Conquering HIV, hepatitis C requires ongoing research, expert says

August 1, 2010

Human immunodeficiency virus (HIV) and hepatitis C virus (HCV) may be out of the public eye, but curing these unseen epidemics requires ongoing research, says an expert who spoke at the 2010 annual meeting of the Society for Investigative Dermatology.

Key Points

Although more than two dozen HIV drugs can alleviate suffering and prolong life, "The epidemic is not over," says Raymond Schinazi, Ph.D., D.Sc., professor of pediatrics, Emory University School of Medicine and Atlanta VA Medical Center. "We also know that more than 1 million people have been infected with HIV in the United States," and an estimated 60 million will be infected worldwide by 2015, he says, adding that only 28 percent of those who need treatment actually get it.
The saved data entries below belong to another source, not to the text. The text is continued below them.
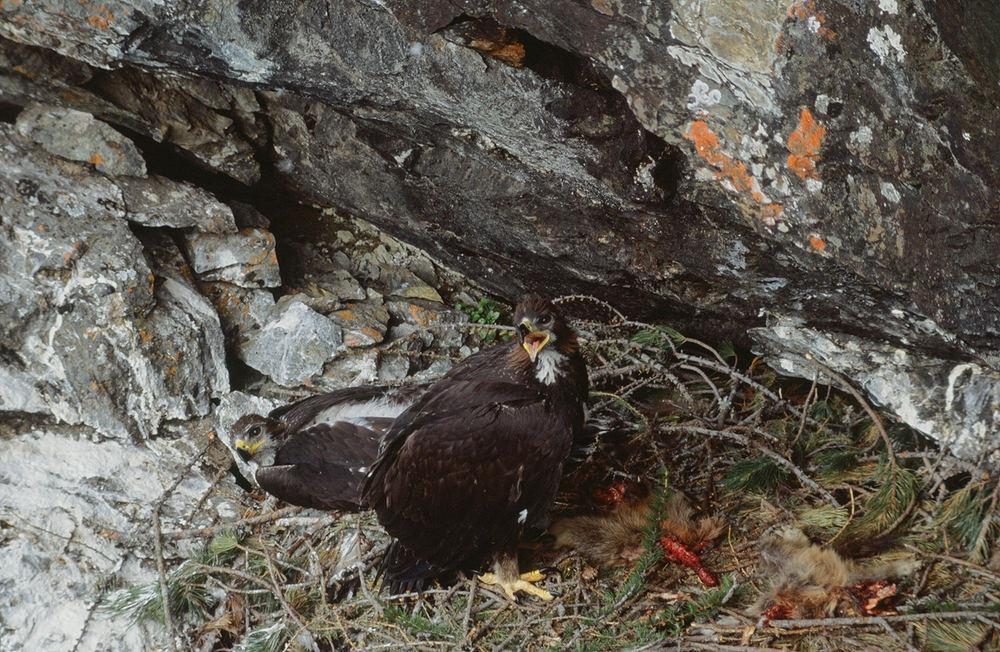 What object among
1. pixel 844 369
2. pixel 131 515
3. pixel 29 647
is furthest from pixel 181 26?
pixel 844 369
Before the advent of modern treatments in 1985, HIV had a 73 percent mortality rate, Dr. Schinazi says. But by 2008, more than 94 percent of people infected with HIV who receive Western standard-of-care treatment survive at least five years.

Hepatitis C

For hepatitis C virus (HCV), "We only have two drugs - ribavirin and interferon (IFN). Both are relatively toxic," Dr. Schinazi says. About 280 million people worldwide are infected with HCV. "There are 3 to 4 million infections per year globally, and we expect more than 800,000 U.S. patients to develop HCV-related cirrhosis this decade," he says.
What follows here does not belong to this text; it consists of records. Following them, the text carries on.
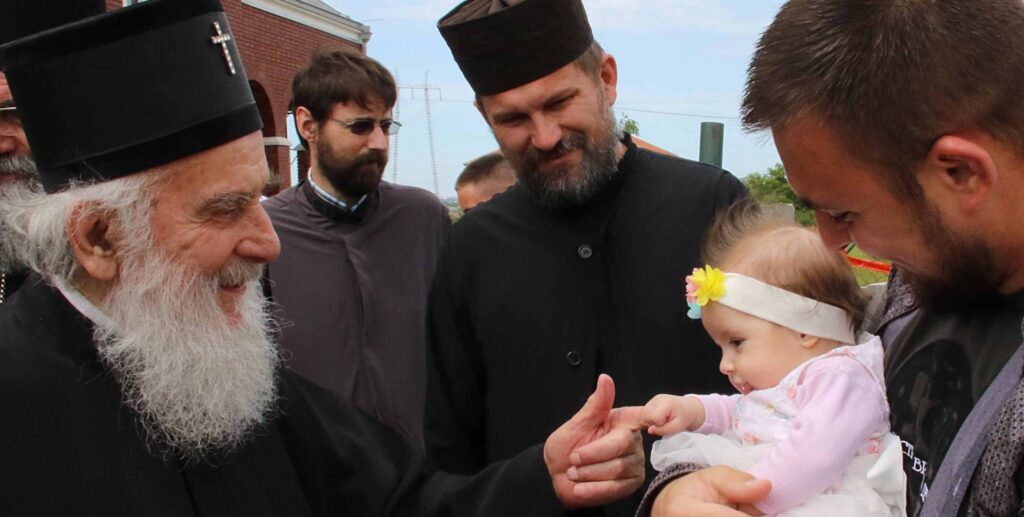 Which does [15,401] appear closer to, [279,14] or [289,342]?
[289,342]

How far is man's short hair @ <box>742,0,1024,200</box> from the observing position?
1400 millimetres

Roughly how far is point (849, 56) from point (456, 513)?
5.17ft

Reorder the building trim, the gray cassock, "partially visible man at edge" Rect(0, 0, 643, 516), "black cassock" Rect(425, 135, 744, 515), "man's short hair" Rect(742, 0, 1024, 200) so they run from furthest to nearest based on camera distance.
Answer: the building trim < the gray cassock < "black cassock" Rect(425, 135, 744, 515) < "partially visible man at edge" Rect(0, 0, 643, 516) < "man's short hair" Rect(742, 0, 1024, 200)

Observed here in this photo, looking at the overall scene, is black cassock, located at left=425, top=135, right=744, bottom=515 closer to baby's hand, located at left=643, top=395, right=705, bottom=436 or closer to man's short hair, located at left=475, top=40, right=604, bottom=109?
man's short hair, located at left=475, top=40, right=604, bottom=109

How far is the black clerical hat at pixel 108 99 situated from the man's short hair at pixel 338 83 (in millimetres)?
2750

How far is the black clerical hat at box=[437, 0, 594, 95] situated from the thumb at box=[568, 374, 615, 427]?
1.22 m

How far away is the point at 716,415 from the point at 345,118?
3209mm

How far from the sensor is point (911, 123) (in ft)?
4.77

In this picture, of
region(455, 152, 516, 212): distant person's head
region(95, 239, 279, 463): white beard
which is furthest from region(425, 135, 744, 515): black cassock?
region(455, 152, 516, 212): distant person's head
Up to one-third of those with HCV are coinfected with HIV, Dr. Schinazi says, adding that coinfection complicates treatment because physicians must consider dangerous drug interactions. Both viruses share routes of transmission, which are all very dynamic.

"The number of patients with HCV treated in the United States is very small compared to the number of chronic carriers," Dr. Schinazi says. Treatment failures are common, he says, because the current standard of care does not work well against certain HCV genotypes. Only 30 to 60 percent of patients achieve sustained virological response (SVR, or a cure) on currently available HCV therapies, all of which require intravenous administration, he says.

Up-and-coming drugs

More than a dozen drug candidates are under development for HCV (Sarrazin C, Zeuzem S. Gastroenterology. 2010 Feb;138(2):447-462. Epub 2009 Dec 16. Review), Dr. Schinazi says. These include small molecules and interferon-related therapies.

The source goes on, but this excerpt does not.